Los frijoles se habían hinchado y flotaban junto con sus cáscaras vacías, pequeños cadáveres. Los vacié en un colador, apiñados unos con otros como una colmena. La imagen me dio un escalofrío. Sentí que era uno de esos días en los que nada parece ser lo mismo. Eché los frijoles al fregadero y volví a la ventana del frente.

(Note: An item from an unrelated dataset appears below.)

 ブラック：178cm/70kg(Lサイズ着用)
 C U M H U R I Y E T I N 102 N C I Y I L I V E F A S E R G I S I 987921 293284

Allí estaba mi Sachi, cruzando el campo tal como la había visto hacerlo más de cien veces cuando se iba de pinta para escaparse con Tam. Era sagaz ante la vida. Yo nunca fui tan sagaz como ella en lo que toca a las posibilidades de la vida. Nunca podía engañarla, nunca podía entretenerla con mis tontas grullas de origami o mis arreglos florales, ni mis pretendidas lecturas de las hojas de té. Nunca podía enojarme con ella durante mucho tiempo. No es raro que su madre no supiese qué hacer con ella.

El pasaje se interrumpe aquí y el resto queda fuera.